However, strong individuals and groups are not enough. As we know, bad organizational cultures beat down even the best employees, and so a key role for leadership is the designing and nurturing of organizational cultures that enable learning and improvisation. Take, for example, openness to trial and error. In order for individuals to be able to improvise effectively, a culture of experimentation needs to pervade the organization. Employees need to be able to feel that they are able to take risks while experimenting and be afforded the chance to make worthwhile and honest mistakes. The leader’s job here is to promote what Professor Amy Edmondson of Harvard Business School refers to as “psychological safety.” In essence this means that no employee is disciplined for asking for assistance or owning up to a mistake. At the same time, psychological safety does not imply a softening of demanding performance goals. On the contrary, in order to truly realize the benefits of psychological safety, accountability for meeting demanding goals must also be present. Thus, as Edmondson argued, psychological safety is “about recognizing that high performance requires the openness, flexibility and interdependence that can develop only in a psychologically safe environment, especially when the situation is challenging or complex.” Once employees feel safe, their self-confidence begins to build and they are more likely to explore new and unfamiliar terrains that may lead to a breakthrough idea. Leaders need to show that they trust their employees to take calculated risks and that failure is indeed a learning opportunity that makes everyone wiser in the long run.

Revisiting the NASA Columbia tragedy, we see that a key issue in the handling of the tragedy was that the engineers who had misgivings regarding the effects of a foam strike on the spacecraft were reluctant to share their views, as many felt that the work environment was hostile to differing opinions. Lacking the psychological safety to speak candidly without fear of repercussions, dissenting engineers kept silent, setting the course for the tragedy to unfold.

Search engine giant Google, on the other hand, is an exemplar of creating the right balance between psychological safety and accountability for high performance. For example, engineers are allowed to devote 20 percent of their time to projects of their own choosing, with no approval needed by upper management. If these projects turn out to be unviable, there are no negative repercussions for the employee. Google has developed several successful products as a result this policy, including Google Suggest, AdSense for Content and Orkut.

3. Build expertise and real-time communication

Improvisation research reveals that the greater the level of expertise, the better the improvisation. There is a caveat, however. Expertise actually drives out improvisation, since individuals and organizations tend to revert to old patterns rather than consider whether new approaches are required. Yet, when they do engage in improvisation, expertise is critical. Real-time communication is also essential. Real-time communication means that individuals have access to the right information when they need it. One of Wal-Mart’s strengths has been the use of information technology to help them understand customer needs, and get the products on the shelf when they need it. They know customers tend to buy more Pop-Tarts in serious storms so they can track weather patterns and ship products to where they need to go. The ill-fated Apollo XIII mission, in which a sudden explosion of one of the oxygen tanks endangered the lives of three astronauts on board, forced Mission Control in Houston to improvise solutions with materials already on the spaceship, i.e. plastic bags, duct tape, etc. to deal with the ongoing challenges posed by this unanticipated event. At the same time, NASA ensured that it had the expertise in the room to solve the complex problem with unorthodox yet practical solutions.

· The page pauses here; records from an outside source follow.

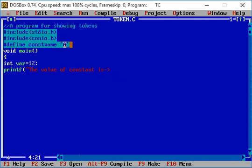The constant is showing a character value. To print a character, we need to write a format specifier. We write %c as the format specifier for character. This is the syntax written inside the printf function: 'The value of constant is %c', then a comma, then the constant name CONST.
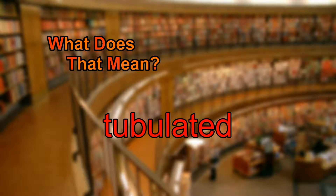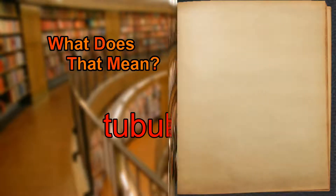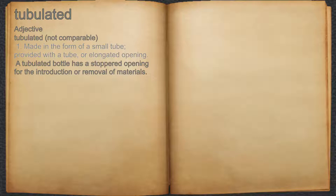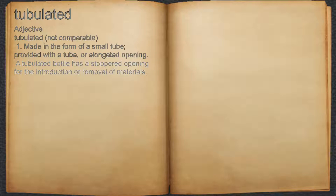What does tubulated mean? Tubulated. Adjective. 1. Made in the form of a small tube, provided with a tube, or elongated opening. For example, a tubulated bottle has a stoppered opening for the introduction or removal of materials.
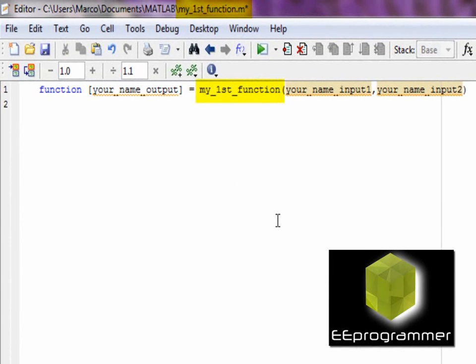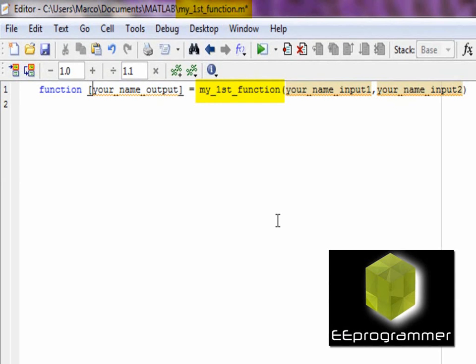You can see the file names have to be equal to the function's name. The file name here is my first function, and the function name here is also my first function.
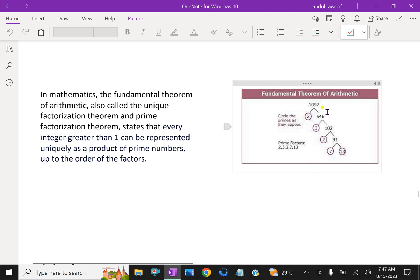For example, take 1092. In prime factorization: divided by 2 gives 546, divided by 3 gives 182, divided by 2 gives 91, which factors into 7 and 13. So the prime factors of 1092 are 2, 3, 7, and 13.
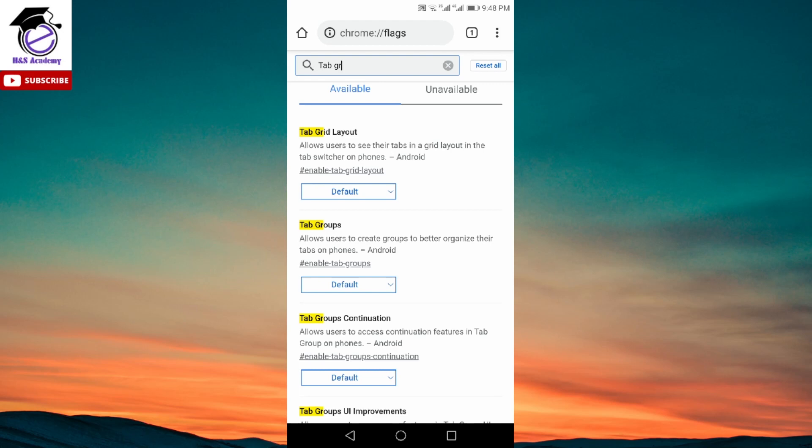People are still looking for a solution to revert back to the old layout. For those who really don't like the grid tab layout, here's what you can do. This solution is possible but I wouldn't recommend it because it will involve reverting back to an older version of Chrome, which is usually not recommended.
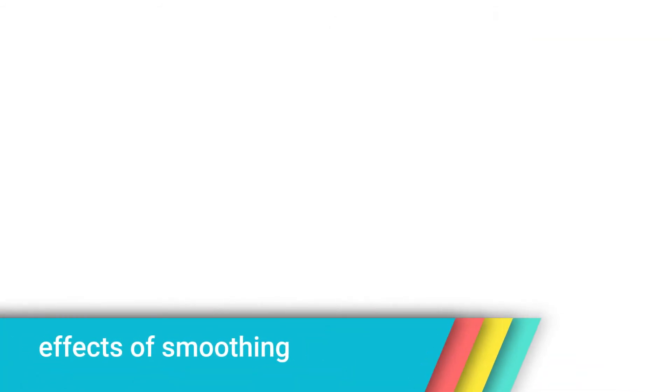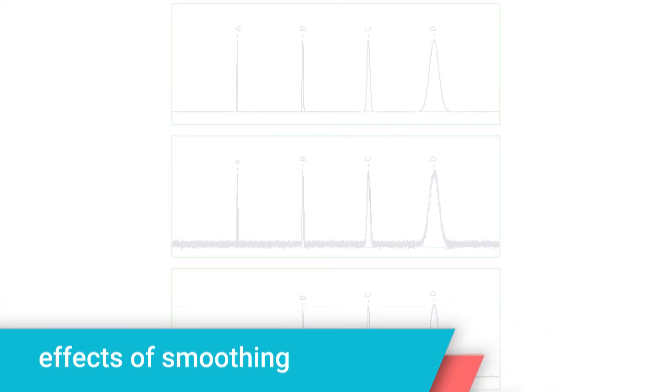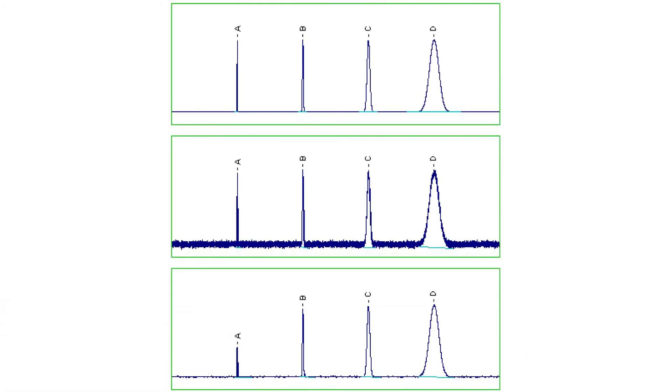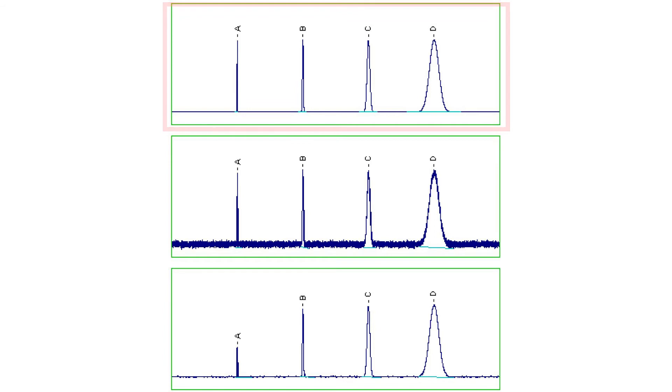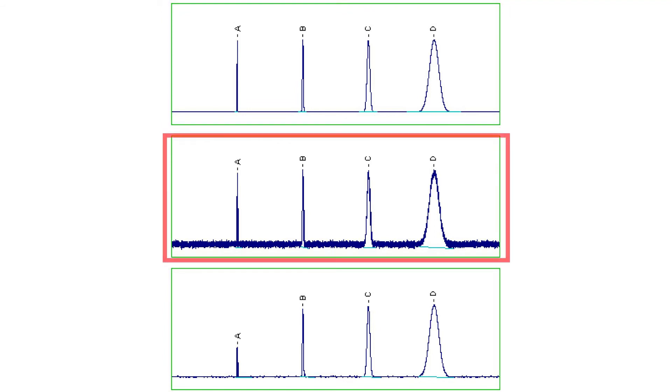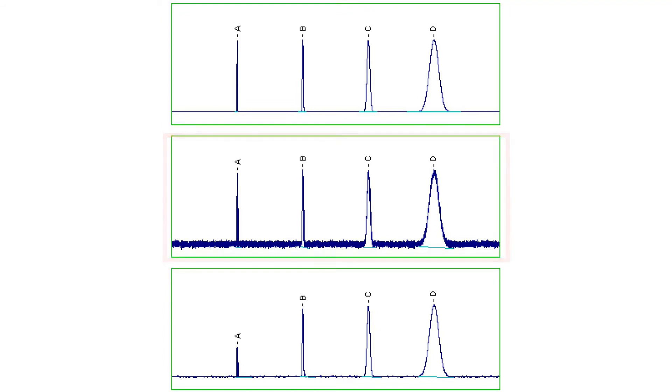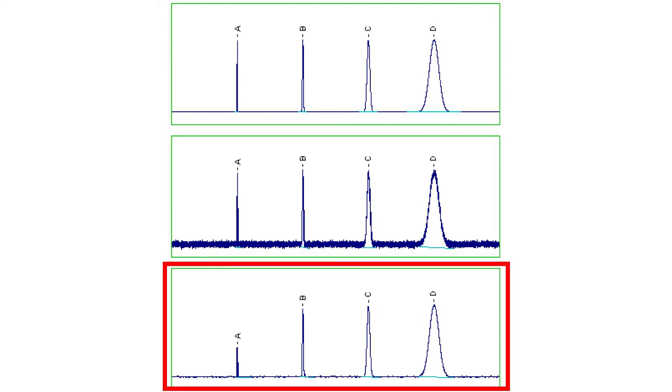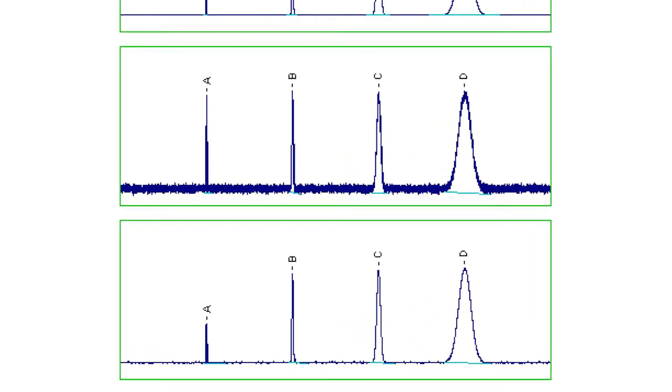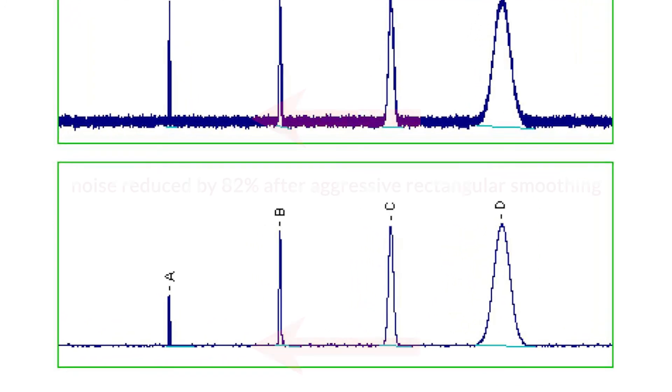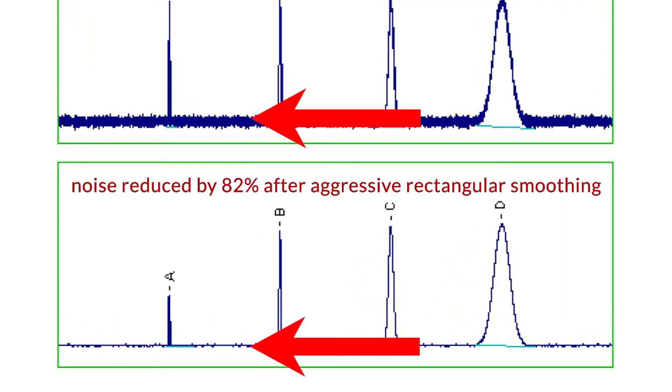Effects of smoothing. The upper trace of the plots shown on screen shows a noise-free chromatogram. The middle trace is the same chromatogram with added noise. The third trace shows the noisy chromatogram after rectangular smoothing with a smoothing time value of 1.5 seconds. This value is abnormally large but was chosen for demonstration purposes. Noise measurements reveal that smoothing has reduced the noise by 82%.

In contrast, the 1949 Mann Gulch fire in Montana is an example of how the lack of expertise and real-time communication hampered an improvisational solution that could have saved lives. Faced with a rapidly expanding fire with 30-foot flames moving at 610 feet per minute, the foreman of a group of firefighters realized that they could not outrun the flames that were relentlessly advancing. He then improvised a solution: He started an escape fire, and lay in the ashes of the burnt ground while the wall of flames scorched the earth around him. At the same time, he yelled at his crew to drop their tools and do the same. No one did, as this astonishing act had never been been part of their training and the sound of the intense fire made it difficult for others to properly understand the intructions. Instead, they all ran for the nearest safety point, a ridge, as they had been trained to do. Sadly, only two members were able to reach the the safety point, while 13 other perished in the fire. The foreman, who had improvised on the spot, survived unscathed.

CEMEX, one of the leading construction materials companies of the world, with over 50,000 employees, uses these principles to create order out of chaos in its home market, Mexico. Using the latest in information technology, including computers and GPS units in all their ready-mix delivery trucks, each truck operates as independently as possible – cruising Mexico’s notoriously unpredictable roads as an autonomous agent, waiting for orders. There are no fixed schedules. Instead there is real-time data of customer orders, production schedules, traffic reports, even weather reports that allow operators to make decisions on the spot as to where to deploy resources. The objective of the drivers is to deliver within a twenty-minute time window, otherwise the customer receives a twenty percent discount. The results: 98 percent of deliveries occur within this time frame, whereas before only one-third of orders were on time in a three-hour time window.

4. Distribute leadership

In most large organizations leadership is designated and responsibilities are assigned by hierarchy – there are top, middle, and line managers, with prescribed roles at each level. Top-level managers fulfill resource allocation duties, while middle managers are controllers, and operational managers, implementers. Improvisation, on the other hand, teaches us that individuals take the lead at different times, though the lead is collectively owned. Clearly there is a top leadership role, namely to be the prime promoters of trust and purpose, while middle-level managers take on more of a coaching role, and line managers become entrepreneurs. At each level there needs to be a sense that leadership is shared; that is, leadership is conferred on the individual with the critical skill set, know-how and capabilities for a specific challenge. Adopting this approach can be a difficult adjustment for leaders who have been taught that their job is to manage and lead. After all, that’s how they became successful leaders! Leaders need to acknowledge that they cannot know everything. In certain situations they serve their people better by listening and accepting their expertise.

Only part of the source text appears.